Well, Secret Broadcast isn't the kind of home run swing that you might get from one of my favorite breweries. It's 8.2% ABV, and that's nice. But this isn't aged in rum barrels or boasting of six or seven kinds of hops. It's a double dry hopped imperial IPA that balances tropical flavors with a nice bitter finish. It's BIG, but it's not showy. It's a powerhouse performance in a one-man play.

6. Karate and Friendship (Meier's Creek Brewing Company, Cazenovia)

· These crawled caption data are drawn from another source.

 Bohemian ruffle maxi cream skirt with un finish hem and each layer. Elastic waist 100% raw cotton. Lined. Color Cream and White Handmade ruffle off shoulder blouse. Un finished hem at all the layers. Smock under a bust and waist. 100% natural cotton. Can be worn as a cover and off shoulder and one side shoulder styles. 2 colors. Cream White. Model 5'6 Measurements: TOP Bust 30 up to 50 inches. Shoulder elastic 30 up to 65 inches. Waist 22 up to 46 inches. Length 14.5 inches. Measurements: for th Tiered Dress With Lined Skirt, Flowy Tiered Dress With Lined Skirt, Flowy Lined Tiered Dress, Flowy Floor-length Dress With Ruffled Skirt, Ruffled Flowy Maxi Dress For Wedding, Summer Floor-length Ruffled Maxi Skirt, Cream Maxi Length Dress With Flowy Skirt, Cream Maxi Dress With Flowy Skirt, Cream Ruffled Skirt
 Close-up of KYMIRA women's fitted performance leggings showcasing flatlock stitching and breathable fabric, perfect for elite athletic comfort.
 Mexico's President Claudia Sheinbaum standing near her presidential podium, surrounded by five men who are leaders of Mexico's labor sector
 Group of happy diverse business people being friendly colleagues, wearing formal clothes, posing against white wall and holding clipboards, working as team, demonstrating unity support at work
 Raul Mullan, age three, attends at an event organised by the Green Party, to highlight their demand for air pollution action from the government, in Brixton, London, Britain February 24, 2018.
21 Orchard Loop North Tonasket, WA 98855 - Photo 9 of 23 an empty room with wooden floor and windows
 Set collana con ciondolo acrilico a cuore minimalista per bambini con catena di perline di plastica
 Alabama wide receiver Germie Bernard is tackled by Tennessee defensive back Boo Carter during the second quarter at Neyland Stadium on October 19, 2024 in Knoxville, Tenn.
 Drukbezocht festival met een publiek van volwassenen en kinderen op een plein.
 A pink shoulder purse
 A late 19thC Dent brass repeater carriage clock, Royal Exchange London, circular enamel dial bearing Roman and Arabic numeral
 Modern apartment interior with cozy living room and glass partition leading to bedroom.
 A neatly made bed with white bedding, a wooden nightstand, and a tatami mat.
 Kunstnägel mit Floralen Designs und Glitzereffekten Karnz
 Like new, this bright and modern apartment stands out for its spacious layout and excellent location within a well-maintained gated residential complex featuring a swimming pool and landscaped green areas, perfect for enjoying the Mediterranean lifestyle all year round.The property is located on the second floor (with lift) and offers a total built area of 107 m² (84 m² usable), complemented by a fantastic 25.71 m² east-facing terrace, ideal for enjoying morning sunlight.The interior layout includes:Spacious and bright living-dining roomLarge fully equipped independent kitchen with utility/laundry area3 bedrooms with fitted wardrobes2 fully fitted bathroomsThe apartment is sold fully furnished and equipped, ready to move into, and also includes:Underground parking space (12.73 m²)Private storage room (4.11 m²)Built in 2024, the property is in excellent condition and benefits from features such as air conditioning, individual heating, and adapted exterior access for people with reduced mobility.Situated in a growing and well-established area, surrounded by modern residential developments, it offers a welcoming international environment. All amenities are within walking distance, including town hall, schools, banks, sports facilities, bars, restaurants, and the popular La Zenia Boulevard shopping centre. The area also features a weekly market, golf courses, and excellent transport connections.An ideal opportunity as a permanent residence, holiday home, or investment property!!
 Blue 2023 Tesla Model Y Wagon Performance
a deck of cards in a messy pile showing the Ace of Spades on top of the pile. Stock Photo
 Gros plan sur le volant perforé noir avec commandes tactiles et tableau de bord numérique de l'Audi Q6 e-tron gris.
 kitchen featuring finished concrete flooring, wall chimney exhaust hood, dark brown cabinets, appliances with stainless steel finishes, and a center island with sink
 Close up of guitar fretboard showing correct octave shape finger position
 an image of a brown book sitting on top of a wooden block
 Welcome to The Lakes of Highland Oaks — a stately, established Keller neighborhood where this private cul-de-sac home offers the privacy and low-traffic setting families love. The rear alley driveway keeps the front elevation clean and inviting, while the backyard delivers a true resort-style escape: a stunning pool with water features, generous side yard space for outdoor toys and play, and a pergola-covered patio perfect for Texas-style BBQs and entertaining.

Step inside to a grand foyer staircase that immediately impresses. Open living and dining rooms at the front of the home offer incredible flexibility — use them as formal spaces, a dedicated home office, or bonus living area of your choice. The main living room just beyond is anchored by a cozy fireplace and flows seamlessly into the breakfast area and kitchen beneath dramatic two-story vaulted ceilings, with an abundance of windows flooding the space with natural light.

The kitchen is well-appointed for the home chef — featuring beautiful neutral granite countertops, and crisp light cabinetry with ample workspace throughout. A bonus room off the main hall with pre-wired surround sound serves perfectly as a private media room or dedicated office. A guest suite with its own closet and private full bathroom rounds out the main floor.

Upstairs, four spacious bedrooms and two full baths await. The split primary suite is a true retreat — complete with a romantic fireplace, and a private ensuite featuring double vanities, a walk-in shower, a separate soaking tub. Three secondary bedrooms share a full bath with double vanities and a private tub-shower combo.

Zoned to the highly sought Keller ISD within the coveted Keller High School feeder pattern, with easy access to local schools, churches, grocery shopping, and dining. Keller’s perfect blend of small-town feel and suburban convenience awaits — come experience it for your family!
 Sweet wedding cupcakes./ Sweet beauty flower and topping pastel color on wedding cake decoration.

Best paired with: "Miami Connection" (1987, director Richard Park, Y.K. Kim)

Now, ostensibly, this might be a reference to a recurring gag on "It's Always Sunny in Philadelphia." But when I saw these 8-bit video game characters in gis hoisting big pints in friendship, I only thought of this mid-80s masterpiece.

This one you just have to trust me on. If you've never seen "Miami Connection," then I don't even know if I could describe it to you. A rock and roll band/martial arts club of college students stumbles into a drug war with motorcycle-riding ninjas. Now, don't pay any attention to the fact that most of the movie takes place in Orlando or that the acting is, politely put, quite pedestrian. From ham-fisted and ill-fitting scenes about a son connecting with his long-lost father to lengthy conversations about how tae kwon do is a metaphor for life, this movie absolutely thinks it has a lot to say, and it's really, really trying hard.

But so is Karate and Friendship. This is a collaboration with Thin Man Brewery in Buffalo, and it goes for big flavors. Big tropical, juicy IPA flavors with a harsh, bitter aftertaste that I loved. It's so juicy the mouthfeel is almost thick. This is a beer you'd give someone if you wanted to show them the best and most aggressive things New England IPAs are after. And this movie is all bright colors and bad music and just remarkable haircuts ... just every excessive bit of nonsense that stood in for popular culture during the moral and economic chaos of the Reagan years.

It's a perfect beer. It's a perfect movie. I don't know if either of those things are true, but I think you should give both a try.

So if you're wandering the cooler, trying to figure out what to buy ... just get the weirdest sounding beer you can find and make a night of it.